What you will do » Pictures in the data should be dropped; transcribe exactly the lines from the one that has "Enchevi Hotel Kirkowo" through the one that has "915 Hackberry Street, La Porte, TX 77571".

------ Data for this exercise

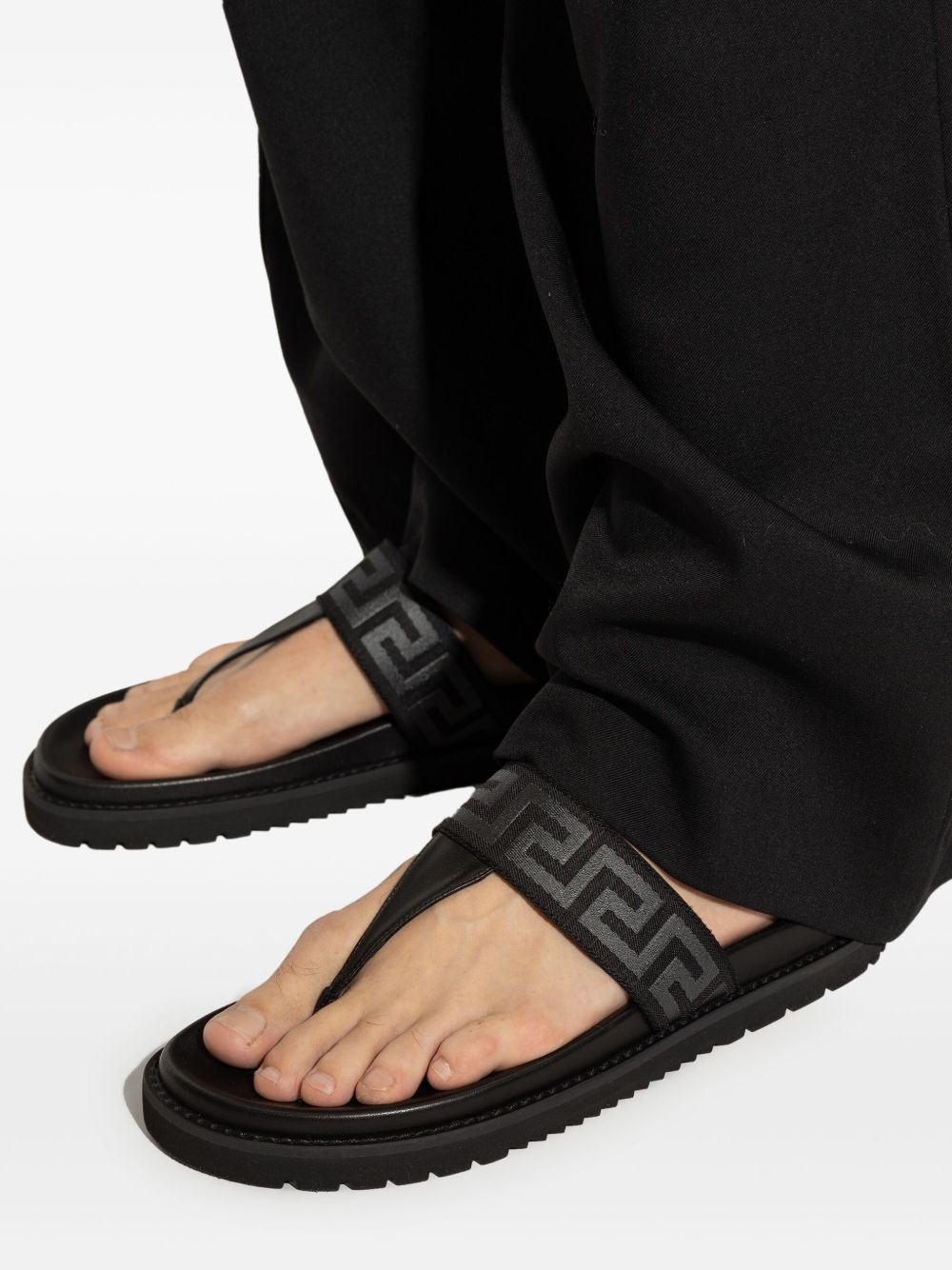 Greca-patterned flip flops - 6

------------
------ Data for this exercise

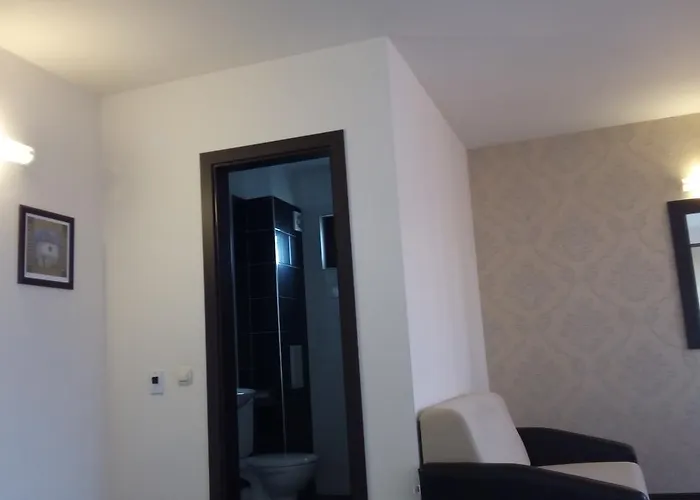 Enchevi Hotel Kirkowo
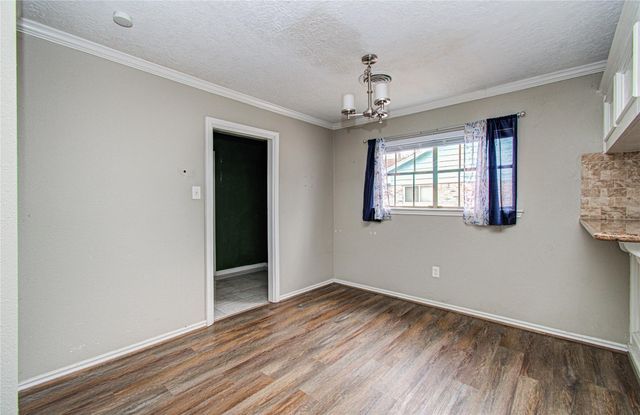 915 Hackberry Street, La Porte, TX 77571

------------
------ Data for this exercise

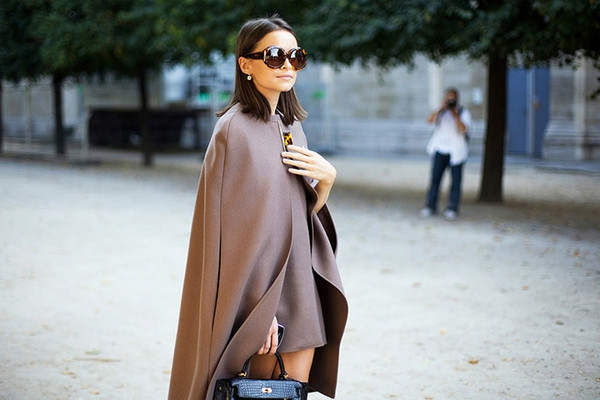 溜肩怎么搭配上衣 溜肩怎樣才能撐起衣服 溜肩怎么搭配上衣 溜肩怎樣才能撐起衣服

------------

Solved exercise »
 Enchevi Hotel Kirkowo
 915 Hackberry Street, La Porte, TX 77571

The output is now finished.